• [What needs to be done]: Repeat all of the records word for word, but skip any picture.

(Records provided Opens)

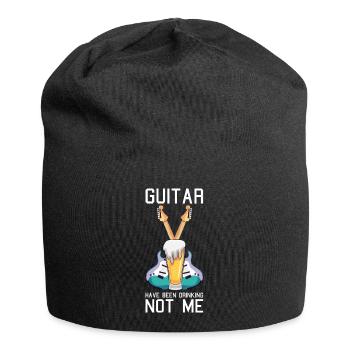 Lustiges E-Gitarren Spruch Motiv und Gitarrist - Jersey-Beanie - Schwarz - Vorne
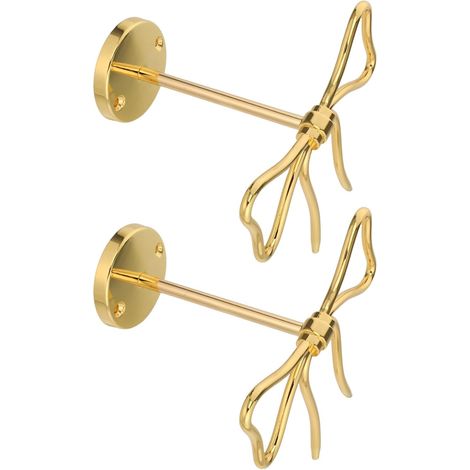 Lot de 2 Crochets Muraux en Alliage de Zinc Forme Nœud pour Rideaux, Supports Décoratifs Antidérapants, Fixation pour Salon Chambre Bureau, Embrasses Vintage Multifonctions (1/5)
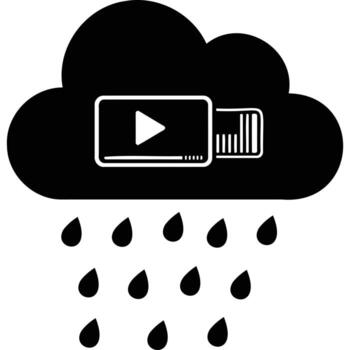 Cloud Streaming Rain Drops Icon data media digital technology online vector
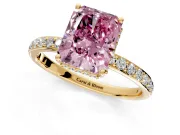 Hidden Halo Engagement Ring Setting for Fancy Pink Radiant Cut Center with Pave Band and Prong Head in Yellow Gold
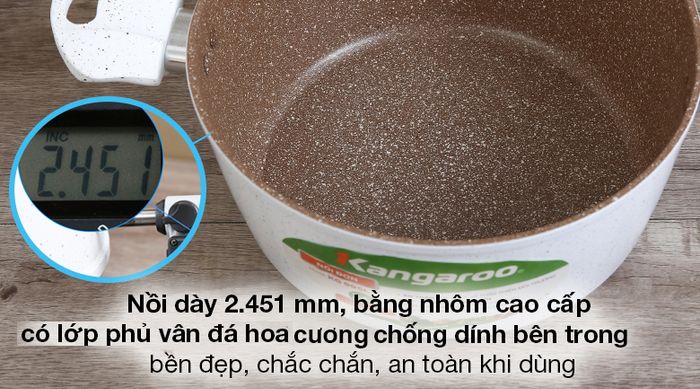 Nồi nhôm chống dính đáy từ 24cm Kangaroo KG995L - Nồi làm từ nhôm cao cấp, dày 2.451 mm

(Records provided Closes)

• [Solved problem]:
 Lustiges E-Gitarren Spruch Motiv und Gitarrist - Jersey-Beanie - Schwarz - Vorne
 Lot de 2 Crochets Muraux en Alliage de Zinc Forme Nœud pour Rideaux, Supports Décoratifs Antidérapants, Fixation pour Salon Chambre Bureau, Embrasses Vintage Multifonctions (1/5)
 Cloud Streaming Rain Drops Icon data media digital technology online vector
 Hidden Halo Engagement Ring Setting for Fancy Pink Radiant Cut Center with Pave Band and Prong Head in Yellow Gold
 Nồi nhôm chống dính đáy từ 24cm Kangaroo KG995L - Nồi làm từ nhôm cao cấp, dày 2.451 mm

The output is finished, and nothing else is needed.